(PROVIDED RECORDS)
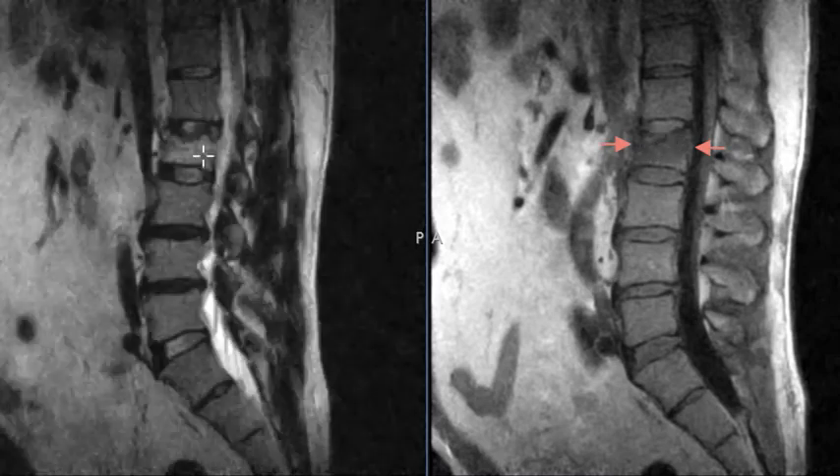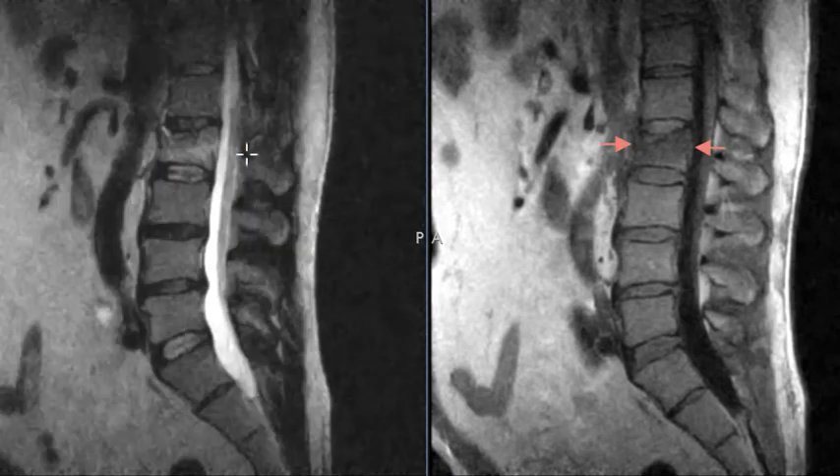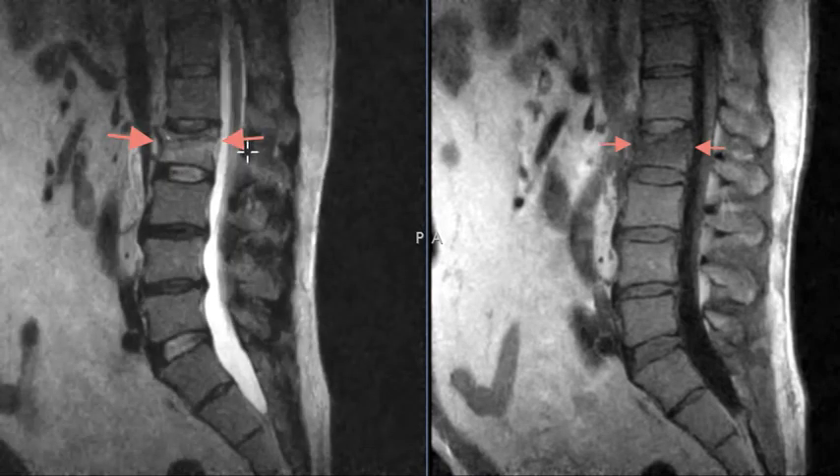On the T2 image, fluid is white, so the bone is more white because it has fluid signal within the vertebral body. So this is an acute compression fracture.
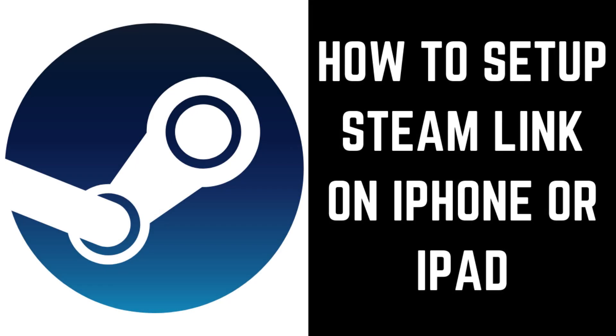Hey everyone. I'm Max Dalton, and in this video I'll show you how to set up Steam Link on your iPhone or iPad so you can play Steam games remotely.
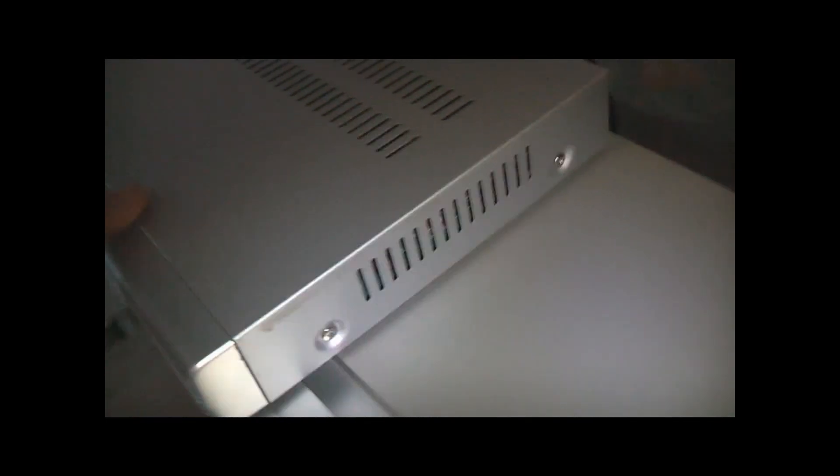It just plugs in for your component. It might be 720 HD so it might not be a full HD box. That's how it plugs in — component, that's the old form of HD.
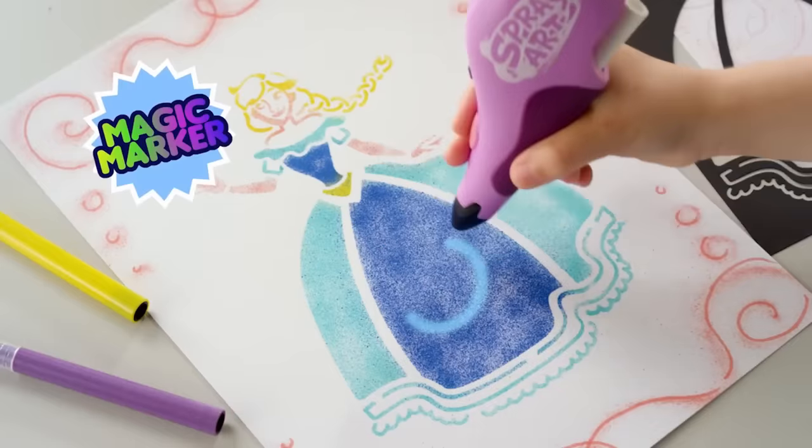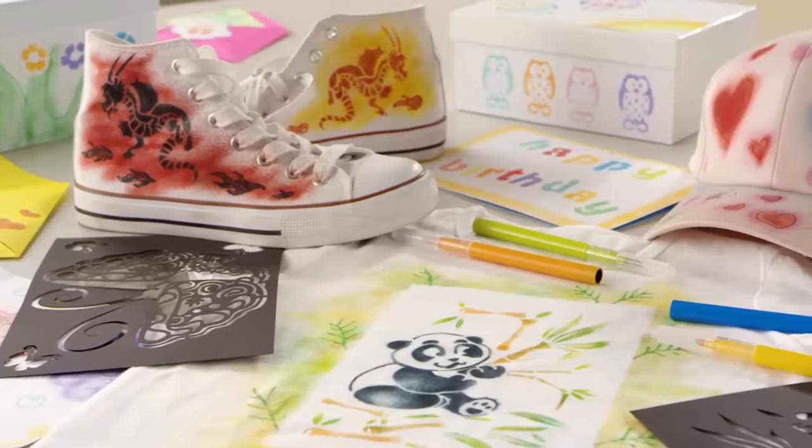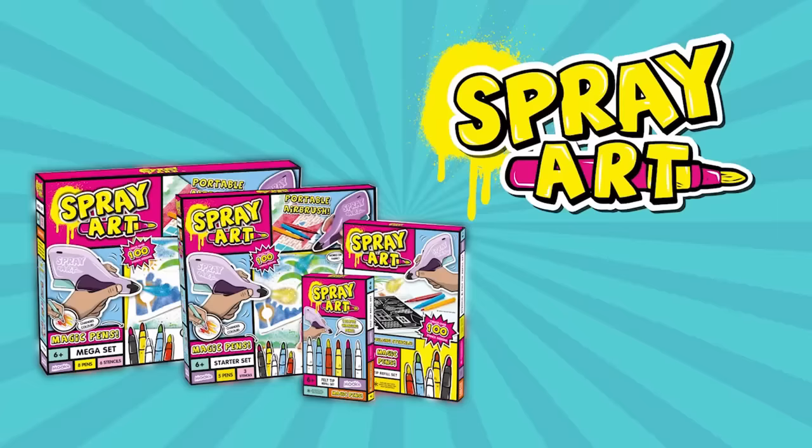Use the magic marker to change your colours, and the precision nozzle is mess-free. With SprayArt — only from Guerrilla.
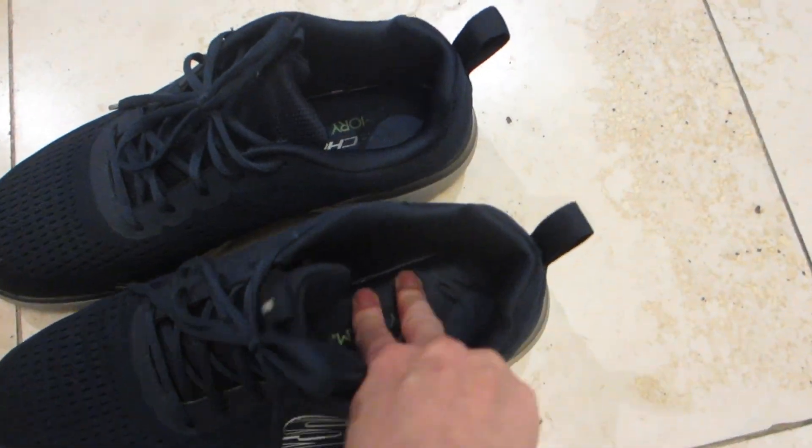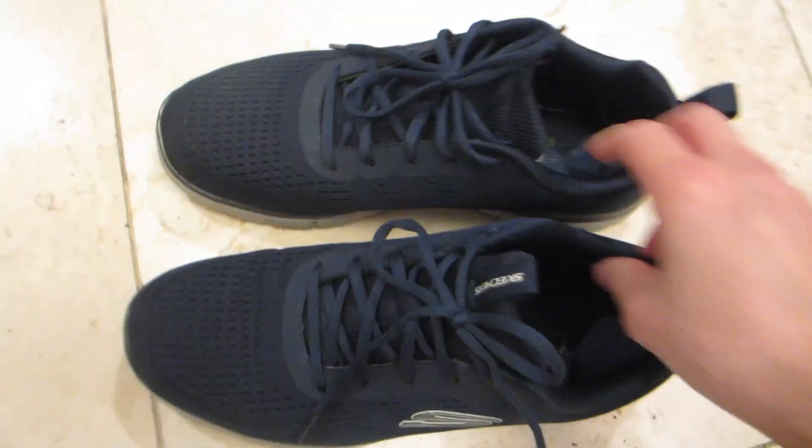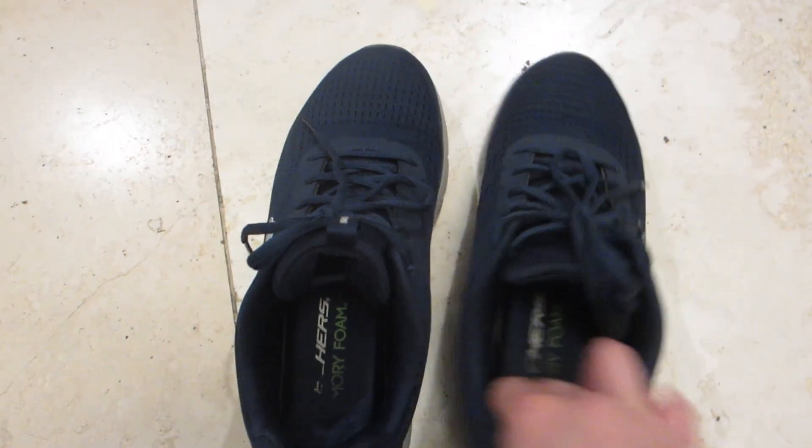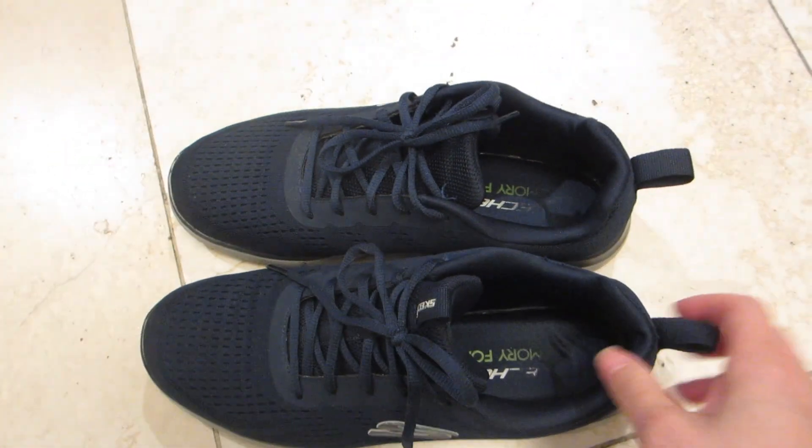There are shoelaces in the front and there are two pull-up hooks, one in the front and one in the back, to help you get your feet snug inside so you don't actually have to untie and re-tie your trainers each time you put them on. Overall, they are lightweight and a comfortable fit for everyday wear.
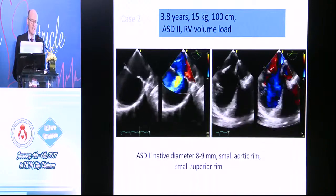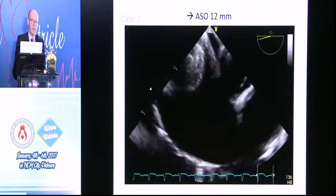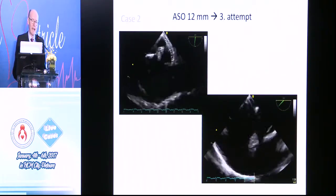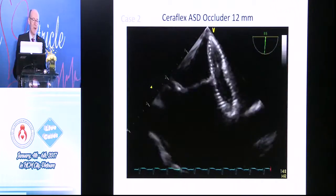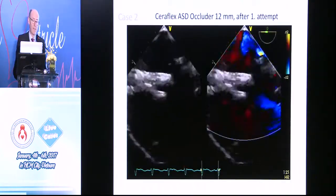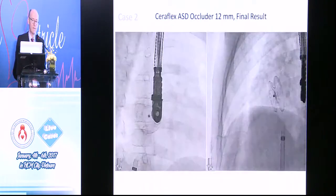Another case — small Secundum ASD, small aortic rim, small superior rim. Balloon sizing, 11-millimeter stop flow. A 12-millimeter Amplatser septal occluder really didn't align properly, kept coming through. We're all familiar with this button-holing approach, and on the third attempt it was still not really settling. So a 12-millimeter Seriflex was placed — this is how it settled, looks nice and flat — released with just one attempt. That's after the release, and you can see it doesn't really change position during the release at all. This case had only 1.2 minutes of fluoro.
(End PROVIDED RECORDS)
PROMPT: Write out, word for word, the lines from the first line of the entries through the one containing "It just plugs", both included. Leave out the pictures.

TASK RESULT:
On the T2 image, fluid is white, so the bone is more white because it has fluid signal within the vertebral body. So this is an acute compression fracture.
Hey everyone. I'm Max Dalton, and in this video I'll show you how to set up Steam Link on your iPhone or iPad so you can play Steam games remotely.
It just plugs in for your component. It might be 720 HD so it might not be a full HD box. That's how it plugs in — component, that's the old form of HD.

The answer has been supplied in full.